Entries provided |

##########

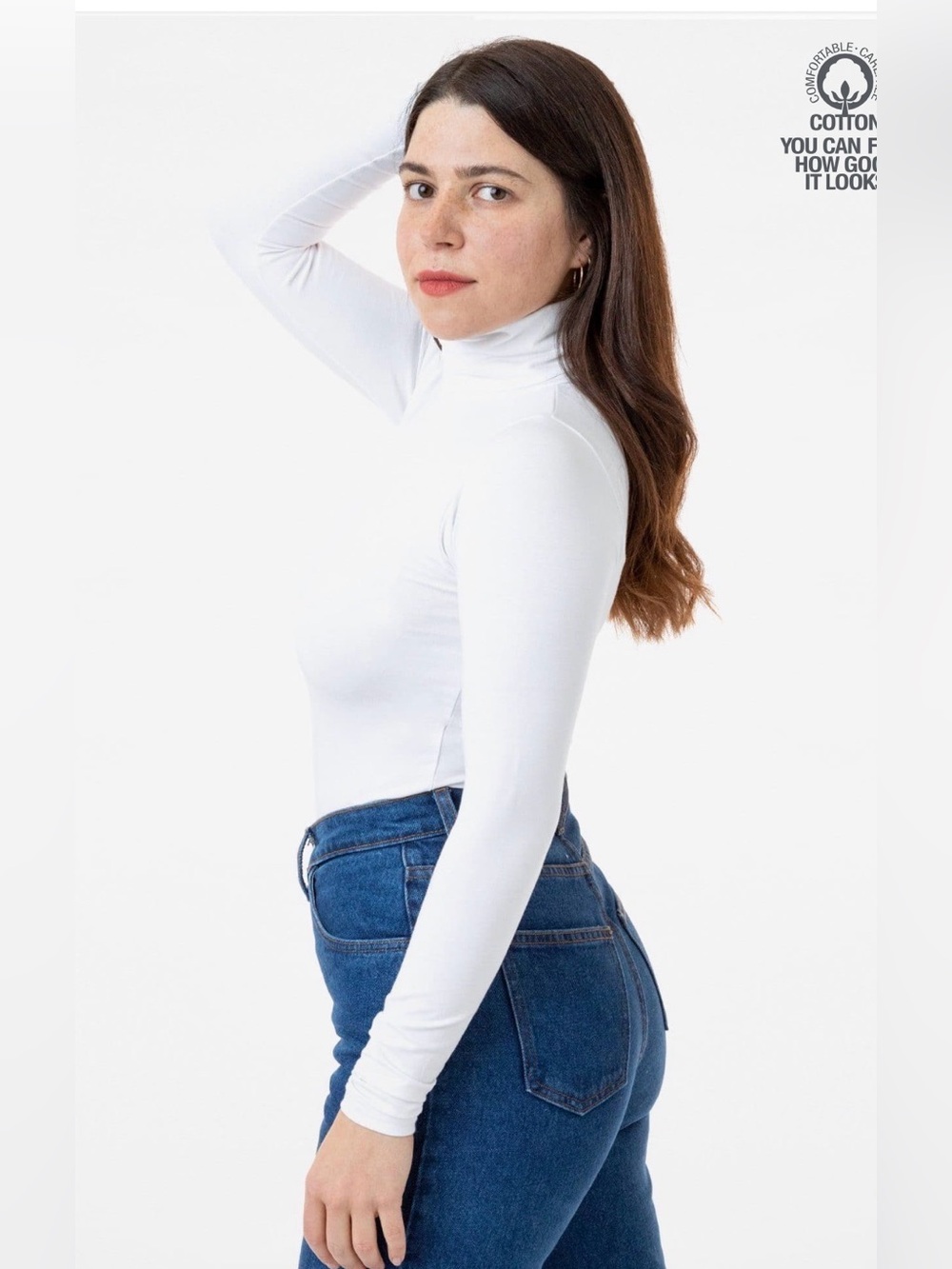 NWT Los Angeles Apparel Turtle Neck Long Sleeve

##########

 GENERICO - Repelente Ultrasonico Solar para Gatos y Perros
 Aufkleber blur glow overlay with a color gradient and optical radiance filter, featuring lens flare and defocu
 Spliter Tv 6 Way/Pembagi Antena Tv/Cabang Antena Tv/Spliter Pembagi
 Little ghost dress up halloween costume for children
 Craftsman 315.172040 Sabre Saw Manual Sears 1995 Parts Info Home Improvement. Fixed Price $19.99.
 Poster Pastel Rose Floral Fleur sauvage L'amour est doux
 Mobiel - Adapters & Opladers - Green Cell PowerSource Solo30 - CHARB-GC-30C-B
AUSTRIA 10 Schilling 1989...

##########

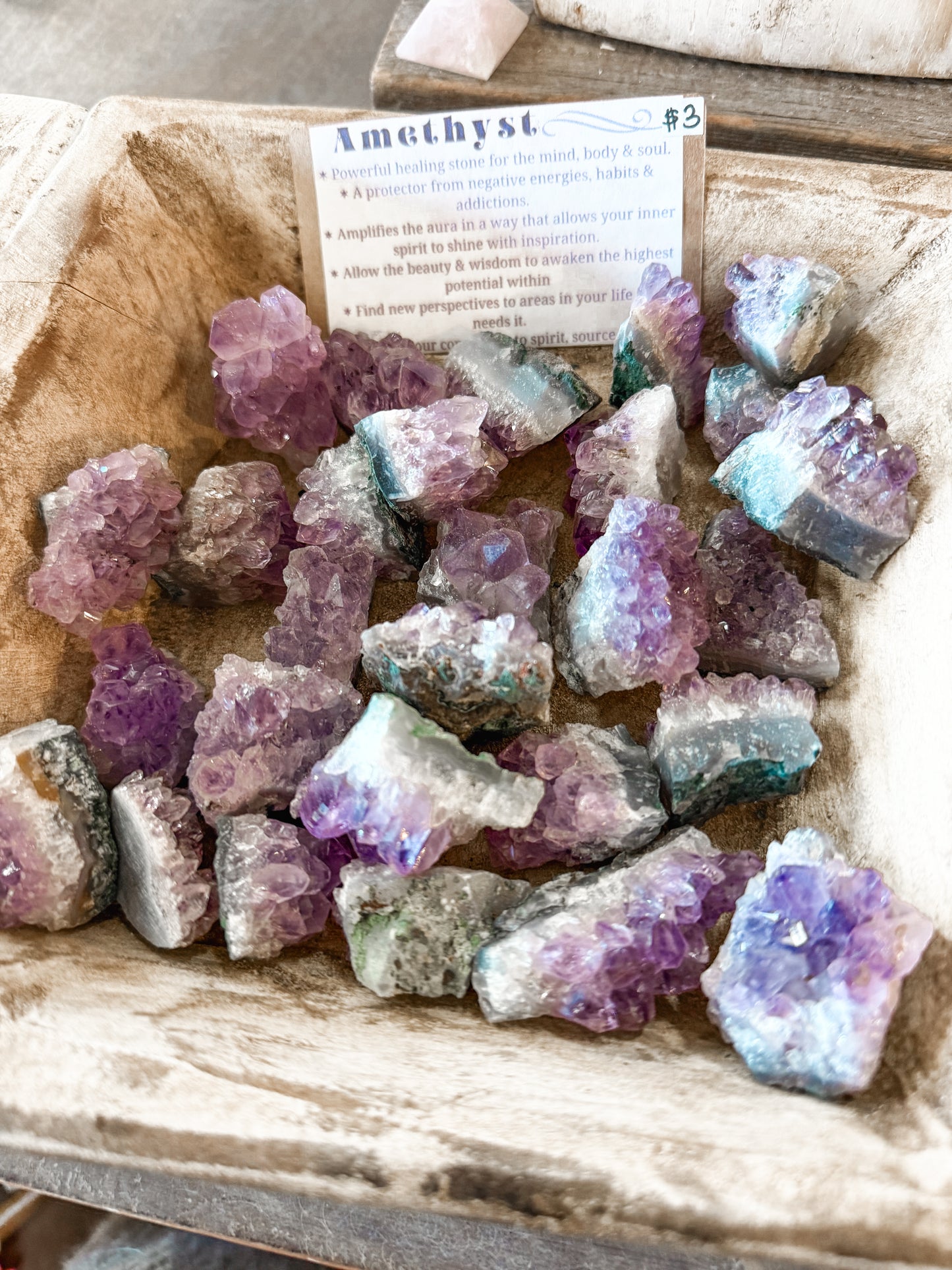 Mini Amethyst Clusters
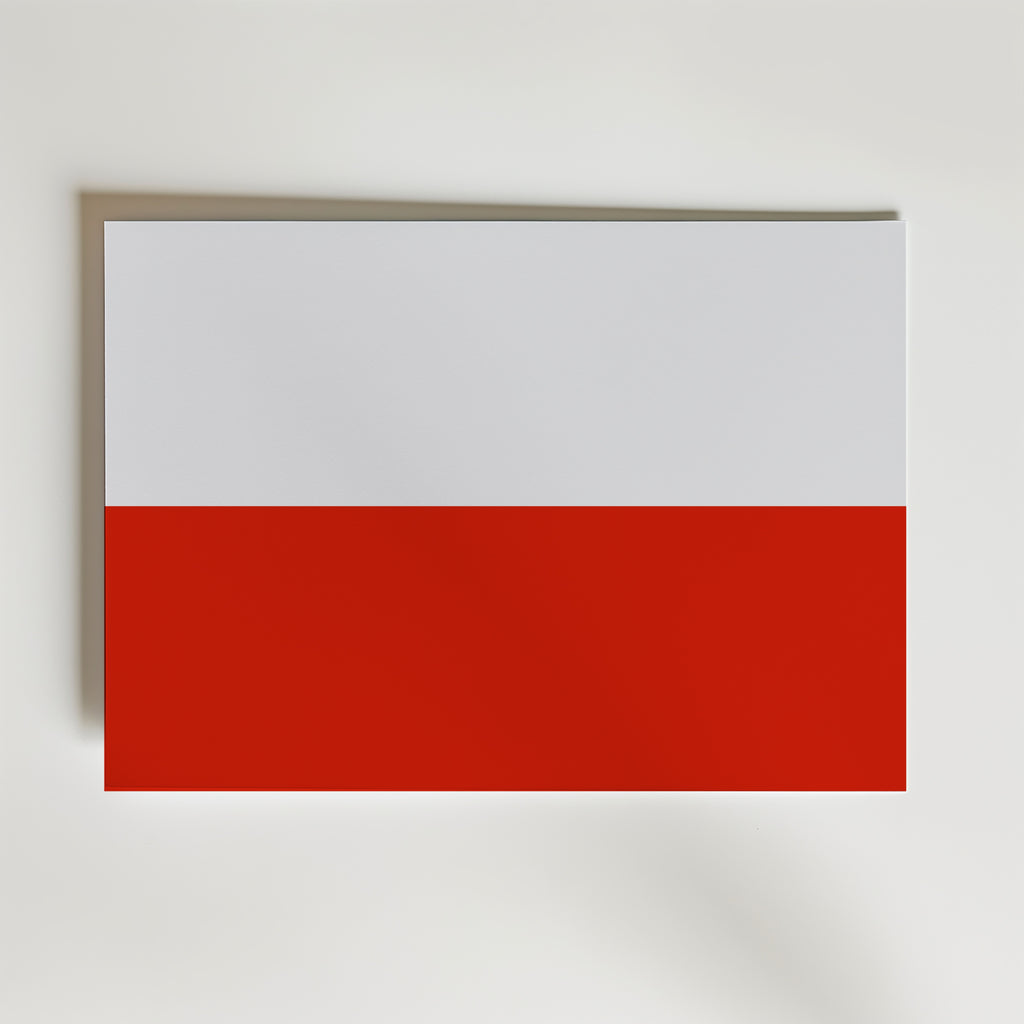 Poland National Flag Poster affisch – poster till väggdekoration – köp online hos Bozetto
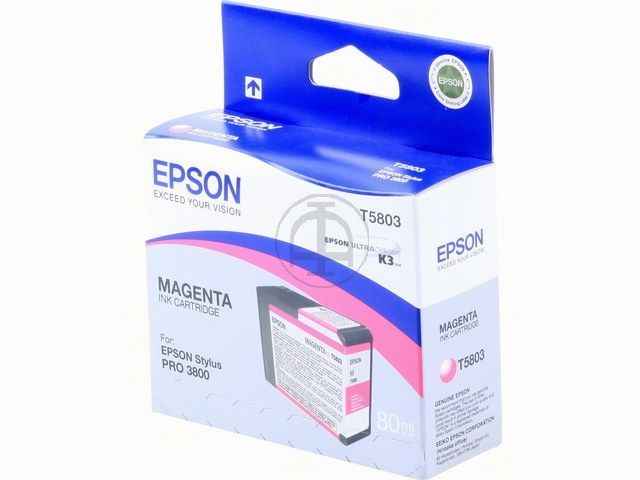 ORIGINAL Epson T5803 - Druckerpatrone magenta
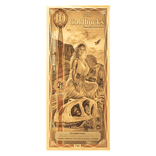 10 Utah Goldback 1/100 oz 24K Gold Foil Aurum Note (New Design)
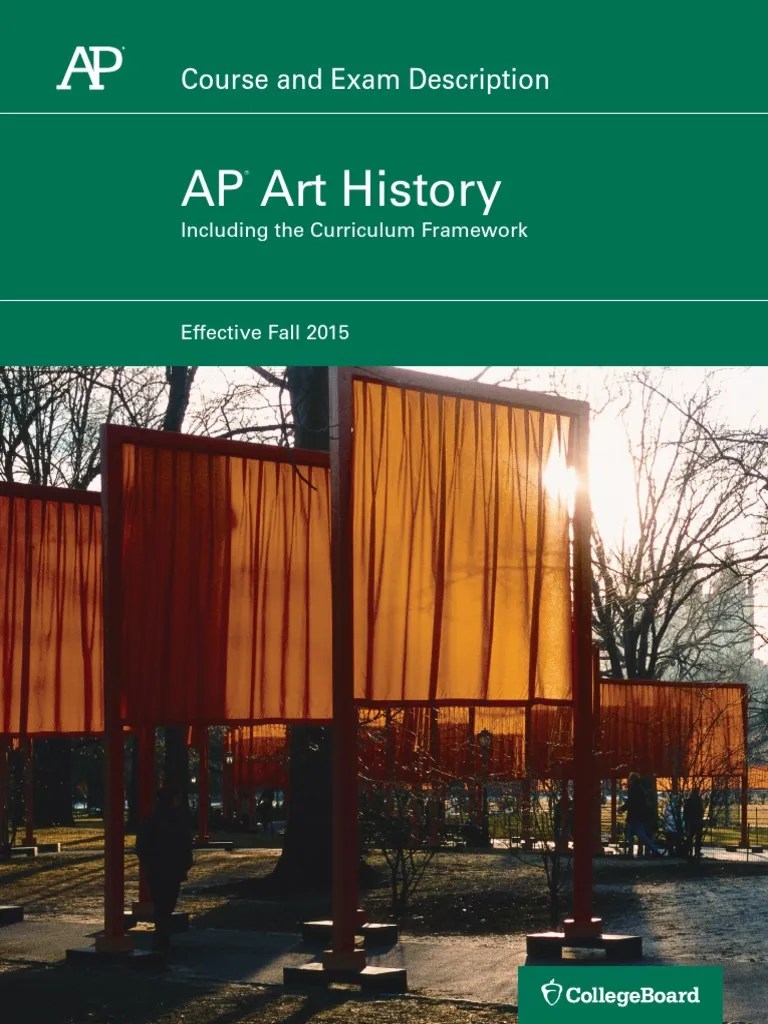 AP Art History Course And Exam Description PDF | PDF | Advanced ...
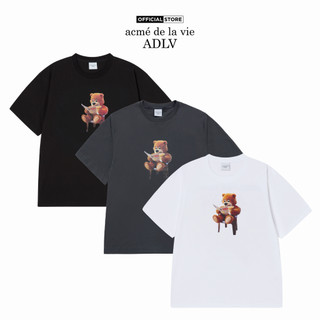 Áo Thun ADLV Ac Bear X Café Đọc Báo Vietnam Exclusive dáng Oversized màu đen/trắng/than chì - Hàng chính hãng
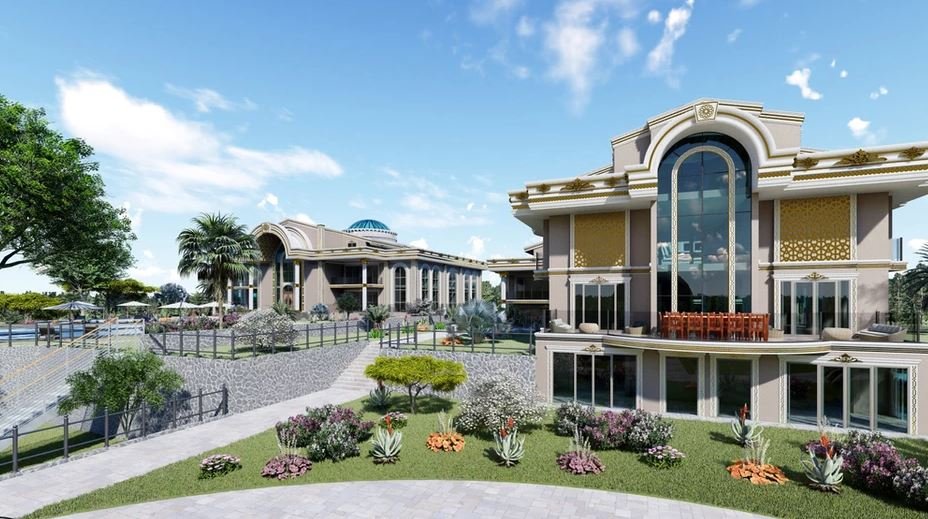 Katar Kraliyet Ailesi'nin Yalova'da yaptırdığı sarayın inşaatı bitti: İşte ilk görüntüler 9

##########

Problem requirements |
Retype exactly the span of lines from the one with "Mobiel - Adapters" through the one with "AUSTRIA 10 Schilling 1989..."; include both ends and omit the rest of the material.

Response area |
 Mobiel - Adapters & Opladers - Green Cell PowerSource Solo30 - CHARB-GC-30C-B
AUSTRIA 10 Schilling 1989...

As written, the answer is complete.